W naszym kraju nie ma konieczności zostawiania w restauracjach napiwku, ale mimo to wielu życzliwych i zadowolonych z obsługi klientów płaci nieco więcej za rachunek. Ta nadpłata to właśnie napiwek. Dotychczas nie określono, jaką dokładnie kwotę zostawić i czy nie będzie obciachem, jeśli zapłacimy drobnymi. Zgodnie z zasadami savoir-vivre’u błędem jest zostawianie kelnerowi drobnych monet.
W polskich knajpach napiwki dla kelnera nie są konieczne, ale i tak warto znać podstawowe zasady ich wręczania. Wielu klientów jest skłonnych wynagrodzić kelnera za jego fachową obsługę, ale nie tylko. To dobre maniery nakazują nam, by właśnie tak odwdzięczyć się za kawę, słodkie ciasto czy smaczny obiad.
Wszakże, nadal niektórzy nie orientują się, jakie sumy z reguły zostawia się w restauracjach – czytamy w serwisie WP Finanse.
Ile pieniędzy zostawić kelnerowi?
W Polsce o wysokości napiwku decyduje klient, ale przeważnie wynosi od 10 do 15 procent stawki rachunku. Oczywiście kwoty powyżej 15 proc. też wchodzą w grę.
Jednak w innych państwach europejskich (np. we Włoszech), reguły są nieco inne niż w naszym kraju. Zresztą, w USA wręczanie napiwku jest na porządku dziennym. Może wynosić nawet 20 proc. wartości rachunku.
Koronna zasada to wystrzegać się zostawiania groszy w formie pieniężnego wyrazu zadowolenia klienta, bo to najprawdopodobniej zostanie źle odebranie przez kelnera – zaznacza serwis WP Finanse.
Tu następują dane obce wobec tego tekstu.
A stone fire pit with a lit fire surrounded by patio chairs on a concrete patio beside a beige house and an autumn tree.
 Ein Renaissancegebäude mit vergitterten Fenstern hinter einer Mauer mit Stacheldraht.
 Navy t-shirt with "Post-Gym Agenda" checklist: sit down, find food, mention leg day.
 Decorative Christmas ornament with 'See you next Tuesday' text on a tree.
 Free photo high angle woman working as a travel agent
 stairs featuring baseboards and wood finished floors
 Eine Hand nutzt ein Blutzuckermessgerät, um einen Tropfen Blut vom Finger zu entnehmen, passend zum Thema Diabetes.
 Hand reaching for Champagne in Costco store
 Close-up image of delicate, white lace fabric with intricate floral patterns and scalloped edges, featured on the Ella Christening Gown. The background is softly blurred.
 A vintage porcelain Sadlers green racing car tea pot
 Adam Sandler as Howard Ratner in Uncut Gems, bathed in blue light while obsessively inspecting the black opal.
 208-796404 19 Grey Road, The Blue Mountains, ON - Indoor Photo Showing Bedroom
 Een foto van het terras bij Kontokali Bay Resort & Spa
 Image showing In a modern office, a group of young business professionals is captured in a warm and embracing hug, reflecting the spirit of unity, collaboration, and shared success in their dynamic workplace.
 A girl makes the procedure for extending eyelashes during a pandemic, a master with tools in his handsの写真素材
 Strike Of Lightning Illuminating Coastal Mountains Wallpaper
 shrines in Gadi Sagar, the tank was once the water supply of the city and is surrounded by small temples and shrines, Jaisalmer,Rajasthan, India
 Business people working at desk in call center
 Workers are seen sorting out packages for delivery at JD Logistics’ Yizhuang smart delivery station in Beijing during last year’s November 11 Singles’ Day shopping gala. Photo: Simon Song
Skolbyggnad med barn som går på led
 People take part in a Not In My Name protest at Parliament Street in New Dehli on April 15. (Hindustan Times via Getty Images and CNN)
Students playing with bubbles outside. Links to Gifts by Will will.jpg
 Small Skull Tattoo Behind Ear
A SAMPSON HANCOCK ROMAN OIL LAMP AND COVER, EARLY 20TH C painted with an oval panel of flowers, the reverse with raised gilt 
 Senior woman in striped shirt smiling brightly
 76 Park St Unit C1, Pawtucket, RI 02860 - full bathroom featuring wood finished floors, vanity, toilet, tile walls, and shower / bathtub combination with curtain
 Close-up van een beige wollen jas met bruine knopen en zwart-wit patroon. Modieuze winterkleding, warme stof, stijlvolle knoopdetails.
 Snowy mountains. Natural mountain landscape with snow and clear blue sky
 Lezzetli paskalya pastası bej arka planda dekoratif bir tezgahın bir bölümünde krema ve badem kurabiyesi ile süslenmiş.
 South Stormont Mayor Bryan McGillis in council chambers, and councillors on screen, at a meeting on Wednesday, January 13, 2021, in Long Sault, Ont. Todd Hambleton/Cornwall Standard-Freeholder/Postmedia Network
Zatem zostawianie monet o nominale np. 2 grosze, 20 groszy, 5 groszy to poniżenie pracownika restauracji/kawiarni. Wtedy lepiej zupełnie zrezygnować z datku.
Najlepiej wręczyć napiwek w gotówce. Przykładowo, jeśli suma na rachunku wynosi 84 złote, wtedy wystarczy wyłożyć 100 złotych, aby jasno wskazać osobie przyjmującej zapłatę, że to jest właśnie nasz napiwek i nie ma konieczności wydawania reszty. Mimo że napiwek jest niski, to i tak dobrze o nas świadczy.